Russia's ultimatum two months before SMO included a roll-back of NATO deployments to pre-1997 NATO borders, among other things. Do you reckon it was purely a defensive demand? I mean, with USA abandoning its world hegemon position in favor of off-shore balancing and the resulting security vacuum/uncertainty in Europe (which geopoliticians have been hammering about for two decades and which is now pretty much official), Europe is bound to revert to the usual old logic that involves competition and struggle for influence between the major European powers themselves, no? With hegemon and his security guarantees gone, why have a mere buffer zone when you can have a sphere of influence?
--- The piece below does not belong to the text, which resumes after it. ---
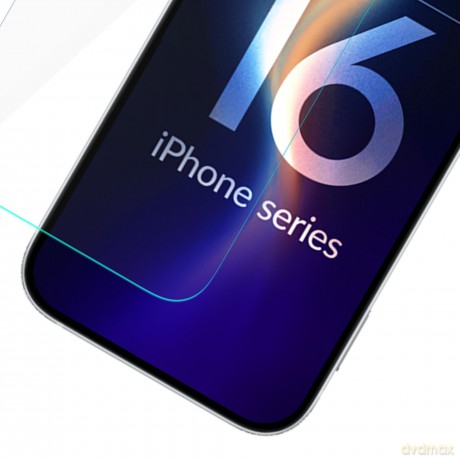 Antymikrobowe Szkło Hybrydowe na Apple iPhone 16 Pro Max - 3mk FlexibleGlass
With NATO forces rolled back to 1997, Poland, Baltics, Romania and so on are pretty much defenseless and potentially easily intimidated/Finlandized, especially since Western Europe (excluding U.K., obviously) historically tends to seek a deal with Russia on this. And while such a deal could in theory come about peacefully, U.K. (and declarations of strategic pivot away from Europe aside, USA as well) perceives unified Europe as a threat and therefore will support Eastern/Central/Northern Europeans that feel threatened by Russia and support any conflict that could engulf Russia and Europe in a major war.
Sure, and here's my respond to each point in sequence:
1. That aspect of Russia's security guarantee requests was meant to alleviate and ultimately resolve the decades-long NATO-Russian security dilemma in Central Europe brought about by NATO's continued eastward expansion in contravention of its promise to Russia not to expand beyond Germany.
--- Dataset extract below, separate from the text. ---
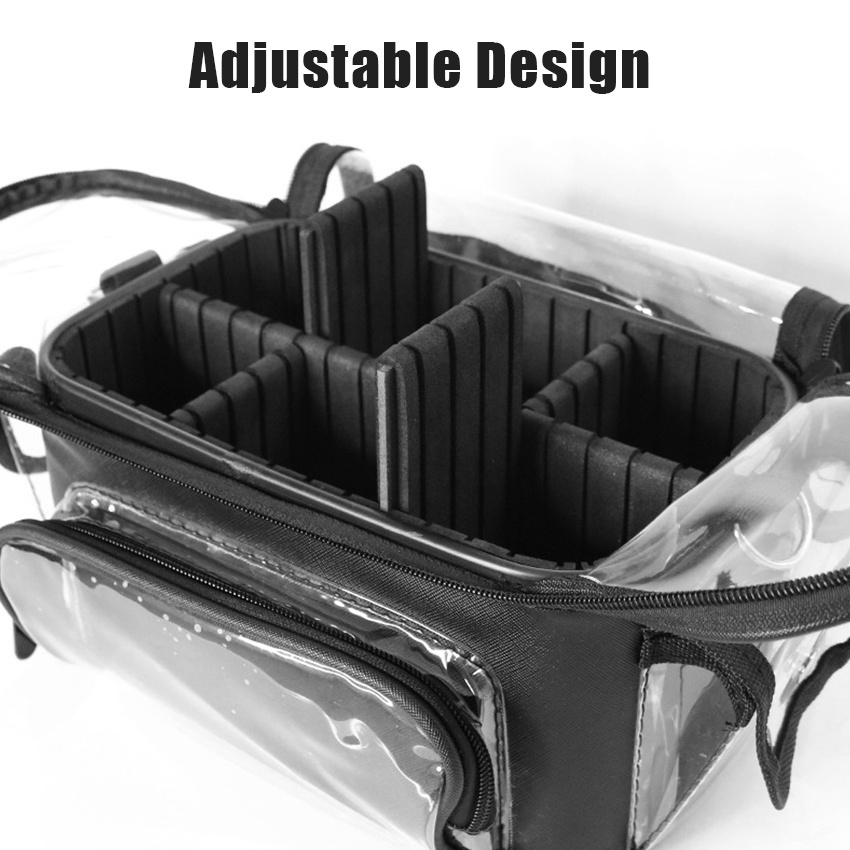 SSy189 Koper Tas Kosmetik Makeup Besar Travel Tas Kosmetik Make Up Storage Box Organizer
Even if the US agreed and perfectly complied with it, the domestic political outcome in the "frontline states" (the Baltic States and Poland, sometimes including Romania) could have still fueled the rise of anti-Russian politicians who'd implement associated policies out of perceived fear of Russia.
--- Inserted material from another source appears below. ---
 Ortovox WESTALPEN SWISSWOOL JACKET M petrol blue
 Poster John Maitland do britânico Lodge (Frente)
2. There is no security vacuum in Europe right now since the US is still deeply entrenched there and arguably appears to be preparing for Poland to replace its role in containing Russia in Central & Eastern Europe (CEE), obviously to a comparatively lesser extent but nonetheless not allowing a vacuum to form.
In connection with that, Poland under its new president has proactively sought to position itself as the center of CEE's anti-Russian policies in an attempt to revive and successfully implement interwar leader Pilsudski's failed Intermarium policy of rallying regional countries against Russia.
3. France, Germany, and Poland are already competing for leadership of Europe in varying ways and regions (bloc-wide in France and Germany's, only regional in Poland's case), but this rivalry is more or less manageable due to shared membership in the EU and NATO and shared junior partnership vis-a-vis the US.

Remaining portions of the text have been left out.